Overview of Audio Testing Methodologies
How Many Blind People Does it Take to Know that Your Speakers are the Best?
originally published October 10th, 2005
Double-blind, single-blind, ABX: all of these terms and more are bandied about on forums and elsewhere when discussing someone's subjective experience with a piece of audio equipment. This editorial is meant as a primer for the testing methodologies used to validly measure someone's subjective experiences. This is not a definitive guide, nor is it meant to be. It is also not going to be a technical paper; I will use as many examples with as few numbers as possible. I want this to be accessible to all.
History - What's the deal with all this anyway?
Many moons ago, there was only experience. You put your hand in a fire, it burned, you told your caveman buddies not to do that, and…they probably did it anyway. Whether or not cavemen debated which part of the dino was the best might never be known, but we do know that only a battle to the death could "prove" one of them right. Why? Because it was all opinion: opinion without scientific fact to back it up.
Well, time marched on, and low and behold, the deductive method (still used today in mathematics) was invented by Euclid. In simple terms, one creates simple, true statements (axioms or postulates), then builds theorems based upon them. Anyone flashing back to high school geometry? I am. The deductive method is great - for mathematics. But, what if you don't have simple truths upon which to build?
Enter Sir Francis Bacon (named after my favorite pork product). Sir Bacon came up with the inductive method (commonly referred to as the Scientific Method). The Scientific Method is basically:
Observe and describe
Create a hypothesis (theory for why what you observed happened)
Make predictions based on your hypothesis
Experiment to see if your predictions hold true
Of course, step five is, "repeat." At this point, an example is in order:
Example 1: You are walking down the street. You notice a pain in your foot. You look, and there is a tack imbedded in your foot (observation). You suspect that the tack is the cause of your considerable discomfort (hypothesis). You think that if you remove the tack, the pain will subside (predict).

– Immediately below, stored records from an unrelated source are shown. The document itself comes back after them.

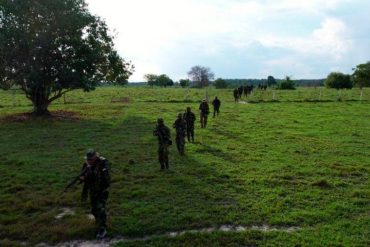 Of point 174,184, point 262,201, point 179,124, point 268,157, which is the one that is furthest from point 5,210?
point 268,157

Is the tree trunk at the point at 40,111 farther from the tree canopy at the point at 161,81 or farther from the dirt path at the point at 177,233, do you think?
the tree canopy at the point at 161,81

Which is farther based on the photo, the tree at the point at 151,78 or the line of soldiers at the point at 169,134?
the tree at the point at 151,78

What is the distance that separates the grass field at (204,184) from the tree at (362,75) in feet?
205

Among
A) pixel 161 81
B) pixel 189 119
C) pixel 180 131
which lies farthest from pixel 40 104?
pixel 161 81

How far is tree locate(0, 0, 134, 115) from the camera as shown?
33.1 m

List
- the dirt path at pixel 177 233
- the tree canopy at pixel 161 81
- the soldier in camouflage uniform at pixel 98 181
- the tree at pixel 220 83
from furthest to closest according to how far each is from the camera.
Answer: the tree canopy at pixel 161 81
the tree at pixel 220 83
the soldier in camouflage uniform at pixel 98 181
the dirt path at pixel 177 233

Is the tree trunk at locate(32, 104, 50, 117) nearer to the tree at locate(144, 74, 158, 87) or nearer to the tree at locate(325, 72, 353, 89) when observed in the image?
the tree at locate(325, 72, 353, 89)

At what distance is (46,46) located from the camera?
33.9 meters

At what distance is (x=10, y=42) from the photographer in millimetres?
33062

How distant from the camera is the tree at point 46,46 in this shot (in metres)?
33.1

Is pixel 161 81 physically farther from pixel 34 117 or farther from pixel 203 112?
pixel 203 112

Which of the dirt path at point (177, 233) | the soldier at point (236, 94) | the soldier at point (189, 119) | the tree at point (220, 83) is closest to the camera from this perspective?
the dirt path at point (177, 233)

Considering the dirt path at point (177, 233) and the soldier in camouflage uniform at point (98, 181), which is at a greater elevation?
the soldier in camouflage uniform at point (98, 181)

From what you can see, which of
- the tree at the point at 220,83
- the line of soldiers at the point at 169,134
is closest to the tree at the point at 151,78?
the tree at the point at 220,83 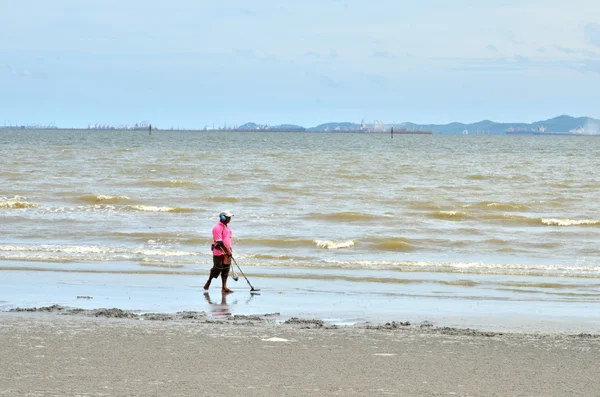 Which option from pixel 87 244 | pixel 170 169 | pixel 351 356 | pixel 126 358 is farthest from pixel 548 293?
pixel 170 169

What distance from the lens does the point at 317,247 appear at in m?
19.8

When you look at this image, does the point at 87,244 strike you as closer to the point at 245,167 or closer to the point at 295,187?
→ the point at 295,187

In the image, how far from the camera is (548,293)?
14023mm

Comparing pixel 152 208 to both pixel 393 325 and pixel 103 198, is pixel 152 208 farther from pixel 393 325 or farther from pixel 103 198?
pixel 393 325

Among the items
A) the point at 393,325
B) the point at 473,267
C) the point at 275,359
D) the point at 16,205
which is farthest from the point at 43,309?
the point at 16,205

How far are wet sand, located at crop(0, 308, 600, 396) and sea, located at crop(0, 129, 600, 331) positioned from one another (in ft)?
4.11

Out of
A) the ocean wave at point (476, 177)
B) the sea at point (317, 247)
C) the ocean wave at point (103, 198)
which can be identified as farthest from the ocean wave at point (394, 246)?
the ocean wave at point (476, 177)

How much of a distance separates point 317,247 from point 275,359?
11.4 m

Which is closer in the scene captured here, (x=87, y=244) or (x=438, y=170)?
(x=87, y=244)

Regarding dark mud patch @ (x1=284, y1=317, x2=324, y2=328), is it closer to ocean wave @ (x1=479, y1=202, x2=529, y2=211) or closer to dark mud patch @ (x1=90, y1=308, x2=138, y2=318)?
dark mud patch @ (x1=90, y1=308, x2=138, y2=318)

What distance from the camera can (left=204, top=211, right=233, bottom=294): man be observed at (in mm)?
13773

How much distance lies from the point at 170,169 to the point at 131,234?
26236 millimetres

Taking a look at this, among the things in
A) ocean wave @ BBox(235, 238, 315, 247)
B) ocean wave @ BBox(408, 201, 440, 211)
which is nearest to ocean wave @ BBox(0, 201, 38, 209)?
ocean wave @ BBox(235, 238, 315, 247)

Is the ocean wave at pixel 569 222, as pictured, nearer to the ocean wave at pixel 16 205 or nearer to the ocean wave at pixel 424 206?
the ocean wave at pixel 424 206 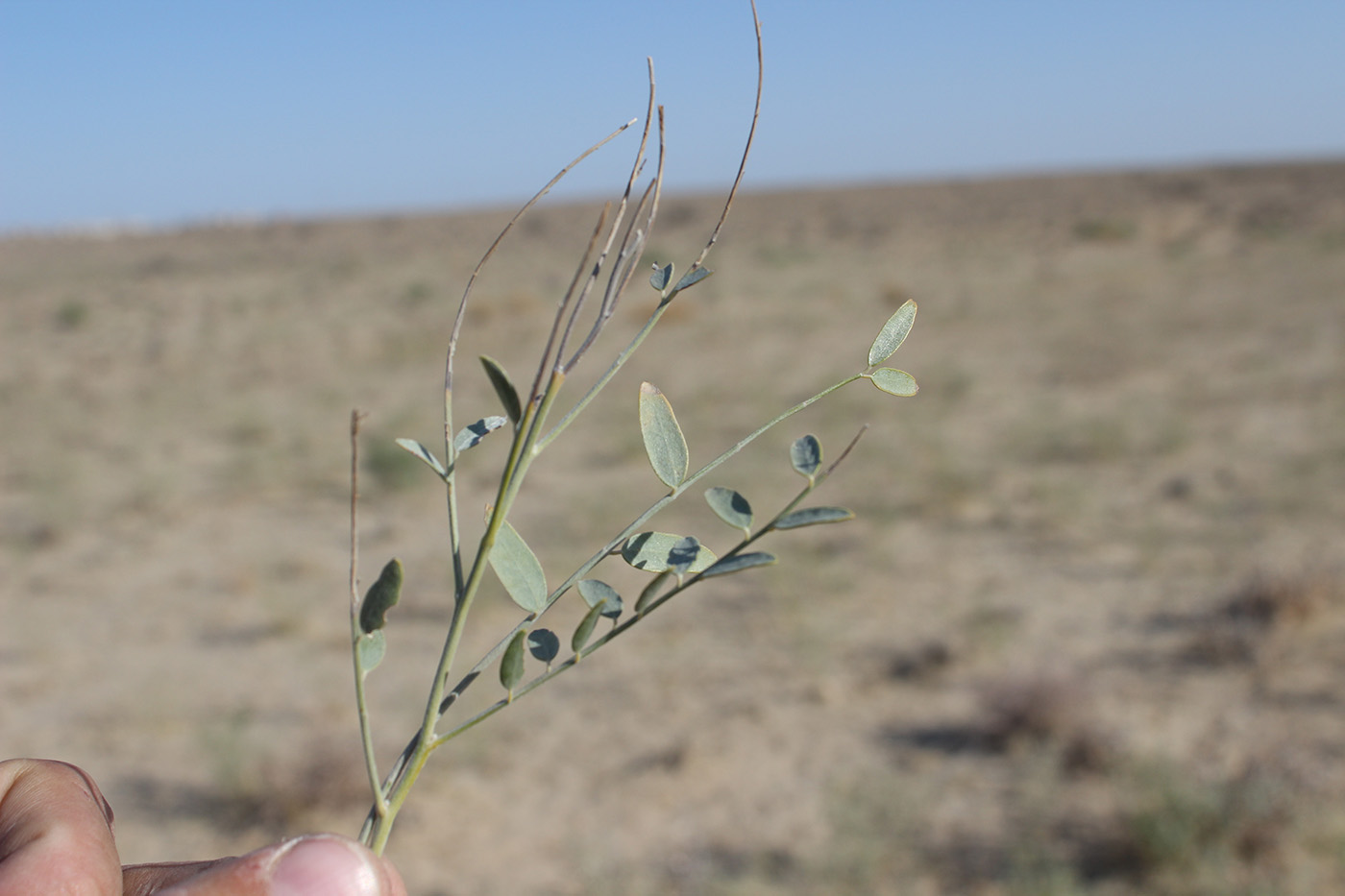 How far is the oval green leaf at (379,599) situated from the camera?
0.57 m

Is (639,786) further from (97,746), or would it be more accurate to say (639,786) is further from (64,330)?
(64,330)

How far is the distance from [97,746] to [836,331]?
10.5m

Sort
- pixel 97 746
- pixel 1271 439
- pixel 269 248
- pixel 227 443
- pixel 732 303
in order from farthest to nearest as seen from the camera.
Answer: pixel 269 248 → pixel 732 303 → pixel 227 443 → pixel 1271 439 → pixel 97 746

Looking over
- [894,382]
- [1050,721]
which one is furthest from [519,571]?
[1050,721]

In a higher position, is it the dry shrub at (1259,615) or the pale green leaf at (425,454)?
the pale green leaf at (425,454)

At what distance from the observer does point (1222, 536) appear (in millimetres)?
5719

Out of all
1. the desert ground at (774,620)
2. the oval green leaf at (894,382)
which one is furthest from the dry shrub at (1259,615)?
the oval green leaf at (894,382)

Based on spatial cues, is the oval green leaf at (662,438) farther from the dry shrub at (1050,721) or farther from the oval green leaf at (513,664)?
the dry shrub at (1050,721)

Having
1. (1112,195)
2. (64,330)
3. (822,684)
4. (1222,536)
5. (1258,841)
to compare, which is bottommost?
(64,330)

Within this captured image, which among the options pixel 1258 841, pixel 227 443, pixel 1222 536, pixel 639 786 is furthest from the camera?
pixel 227 443

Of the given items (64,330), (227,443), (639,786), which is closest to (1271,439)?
(639,786)

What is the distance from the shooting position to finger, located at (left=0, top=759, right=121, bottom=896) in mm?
777

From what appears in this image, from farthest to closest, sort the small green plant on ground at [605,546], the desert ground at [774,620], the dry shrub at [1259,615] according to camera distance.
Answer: the dry shrub at [1259,615] → the desert ground at [774,620] → the small green plant on ground at [605,546]

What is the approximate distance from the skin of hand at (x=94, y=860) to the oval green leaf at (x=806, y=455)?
42cm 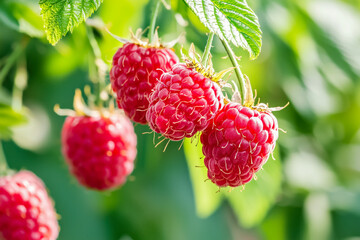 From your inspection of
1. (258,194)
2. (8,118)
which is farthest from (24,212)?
(258,194)

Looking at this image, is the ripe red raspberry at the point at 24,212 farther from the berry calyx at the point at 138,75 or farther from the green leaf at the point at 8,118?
the berry calyx at the point at 138,75

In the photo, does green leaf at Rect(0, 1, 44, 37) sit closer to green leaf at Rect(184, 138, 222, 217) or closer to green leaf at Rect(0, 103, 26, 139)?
green leaf at Rect(0, 103, 26, 139)

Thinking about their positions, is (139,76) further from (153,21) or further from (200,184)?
(200,184)

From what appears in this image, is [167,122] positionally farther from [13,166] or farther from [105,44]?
[13,166]

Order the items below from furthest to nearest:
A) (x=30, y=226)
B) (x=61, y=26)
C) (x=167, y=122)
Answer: (x=30, y=226) < (x=167, y=122) < (x=61, y=26)

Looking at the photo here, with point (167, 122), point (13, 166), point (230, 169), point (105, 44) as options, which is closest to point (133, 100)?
point (167, 122)

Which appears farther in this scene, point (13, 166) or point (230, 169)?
point (13, 166) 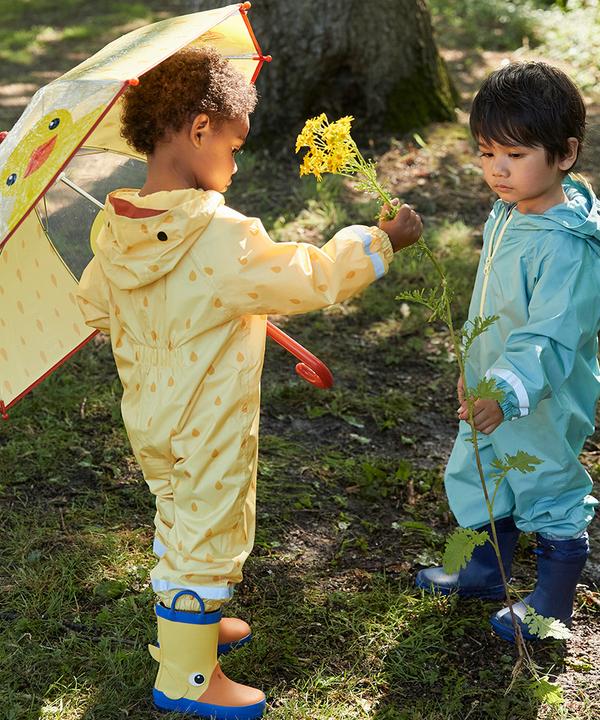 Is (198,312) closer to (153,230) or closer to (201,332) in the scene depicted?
(201,332)

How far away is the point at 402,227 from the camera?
7.85 ft

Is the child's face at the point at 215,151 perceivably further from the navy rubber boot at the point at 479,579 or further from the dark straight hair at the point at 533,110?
the navy rubber boot at the point at 479,579

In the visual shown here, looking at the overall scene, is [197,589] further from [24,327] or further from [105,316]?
[24,327]

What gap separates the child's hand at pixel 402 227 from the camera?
2389 millimetres

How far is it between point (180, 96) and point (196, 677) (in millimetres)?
1432

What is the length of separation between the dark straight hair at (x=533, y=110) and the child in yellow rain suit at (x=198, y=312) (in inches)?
13.3

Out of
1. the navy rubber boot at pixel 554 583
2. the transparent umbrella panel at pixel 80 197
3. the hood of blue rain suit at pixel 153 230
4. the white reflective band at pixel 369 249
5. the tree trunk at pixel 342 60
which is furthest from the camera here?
the tree trunk at pixel 342 60

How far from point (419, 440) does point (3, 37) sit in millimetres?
7687

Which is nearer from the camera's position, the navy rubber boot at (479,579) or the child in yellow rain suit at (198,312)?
the child in yellow rain suit at (198,312)

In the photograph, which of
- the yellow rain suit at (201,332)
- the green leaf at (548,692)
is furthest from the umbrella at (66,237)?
the green leaf at (548,692)

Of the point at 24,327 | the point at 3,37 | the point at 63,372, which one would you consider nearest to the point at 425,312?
the point at 63,372

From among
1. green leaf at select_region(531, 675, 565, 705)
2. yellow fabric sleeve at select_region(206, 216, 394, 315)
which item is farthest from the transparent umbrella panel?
green leaf at select_region(531, 675, 565, 705)

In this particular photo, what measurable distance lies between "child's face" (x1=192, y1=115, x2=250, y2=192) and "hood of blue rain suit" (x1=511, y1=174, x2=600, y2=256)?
0.77 meters

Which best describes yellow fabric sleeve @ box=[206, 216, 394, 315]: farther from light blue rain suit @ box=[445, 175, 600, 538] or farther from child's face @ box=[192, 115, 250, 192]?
light blue rain suit @ box=[445, 175, 600, 538]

You pull the tack out of your foot, and there is a considerable reduction of the pain, though some is still present (experiment). Now comes the dreaded step 5 - repeat. Ouch.
So, what has this got to do with audio, you say? Well, this is the deal: the deductive method works well for testing audio equipment. No lie. No BS. Absolute truth. You put a signal in, you measure it when it comes out; if it is the same, it's the same. Unfortunately, not everyone buys into this little piece of common sense. Some believe that there are real, quantifiable differences that can't be measured. Hey, I'm not an electrical or mechanical engineer, so who am I to argue?
Statistics to the Rescue: Correlation does not equal causation
If you've ever taken a statistics course, you'll have heard this phrase a million times: correlation does not equal causation. But, what does it mean? Looking back at Example 1, the alleviation of the pain in your foot coincided (correlated) with the removal of the tack. So, the tack caused the pain, right? Not to a statistician. The statistician only knows that the pain went away when the tack was removed. That could be a coincidence. No, the statistician is going to insist that you, all your friends, and a bunch of people of various ethnicities, income levels, geographic locations, and genders all stick yourselves multiple times in the foot with a tack before he'll buy that the tack was probably the cause of the pain. Idiotic? No:
Example 2: A crime statistician discovers that, with a high degree of correlation, the number of incidences of domestic violence increases with increased sales of ice cream. He, of course, runs home, and throws out all the ice cream in the house to make sure he doesn't beat his wife. He immediately gets the crap kicked out of him by his very pregnant, extremely unreasonable better half who told him to thank his lucky stars he didn't throw out the pickles, too.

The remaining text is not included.